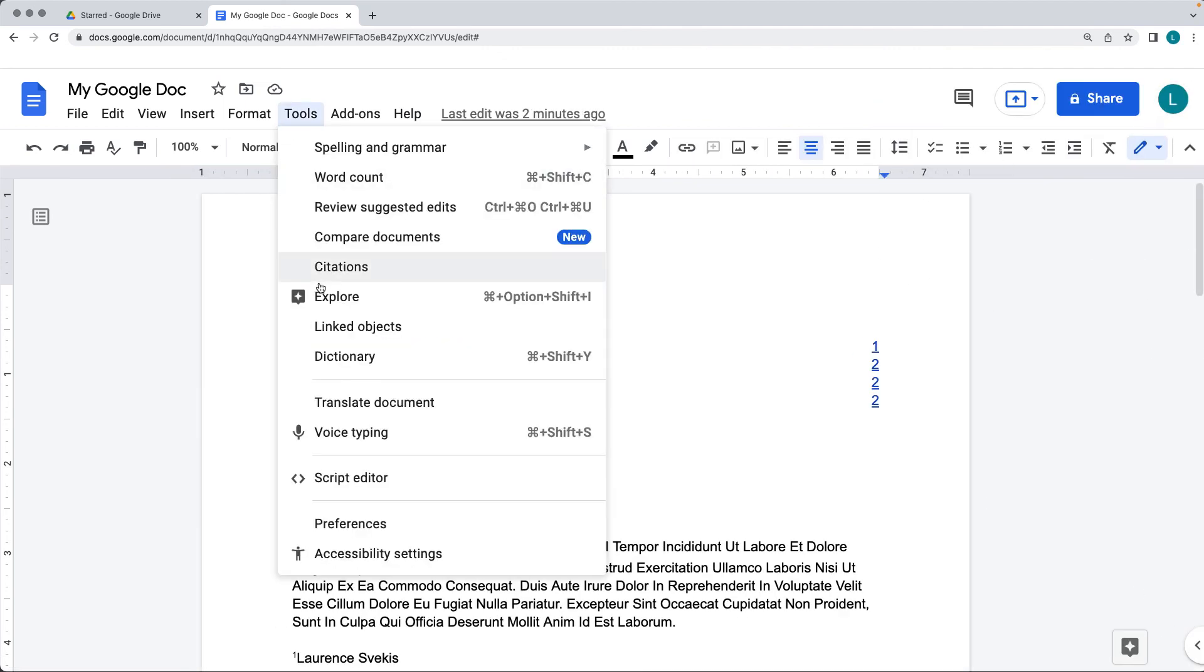So also to open up the Explorer, you can just do the shortcut as well, or go under the tools, or in the top, in the bottom right hand side.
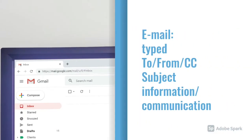Emails are typed and online. They always have the boxes at the top that say 'to', 'from', 'CC', and 'subject'. We use them for giving information and communicating with each other. These are always on a computer, a phone, or online.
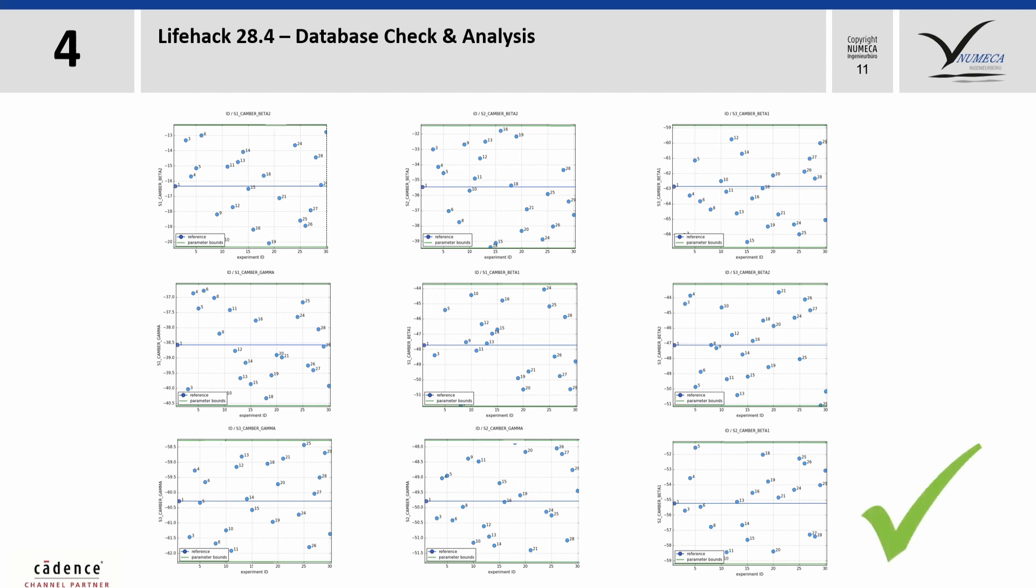A helpful hint at this point. In the first step, you can only generate the geometries and meshes for all samples without simulating them. This is a fairly quick process that only takes a few minutes. If everything is okay, then the more complex simulations can be carried out.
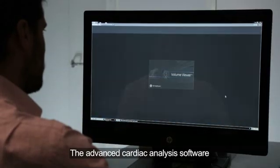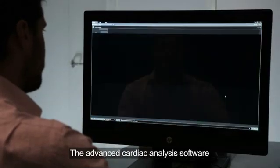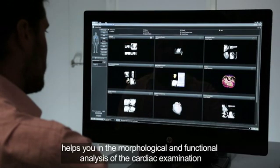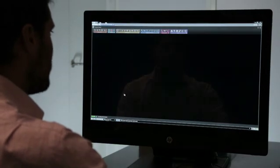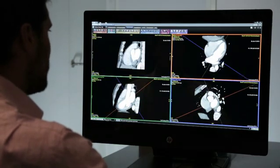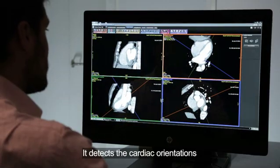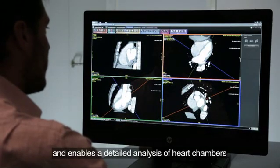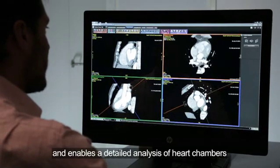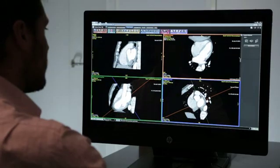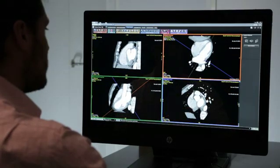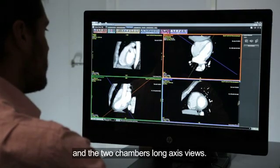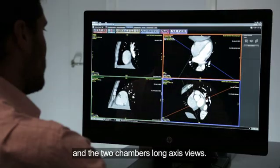The advanced cardiac analysis software helps in the morphological and functional analysis of the cardiac examination. It detects cardiac orientations and enables a detailed analysis of heart chambers, such as the long and short axis views and the two-chamber long axis views.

> Exercise: Restate word for word each line from the top of the listing down to and including the line that holds "Emails are typed". Drop any pictures.

> Output:
So also to open up the Explorer, you can just do the shortcut as well, or go under the tools, or in the top, in the bottom right hand side.
Emails are typed and online. They always have the boxes at the top that say 'to', 'from', 'CC', and 'subject'. We use them for giving information and communicating with each other. These are always on a computer, a phone, or online.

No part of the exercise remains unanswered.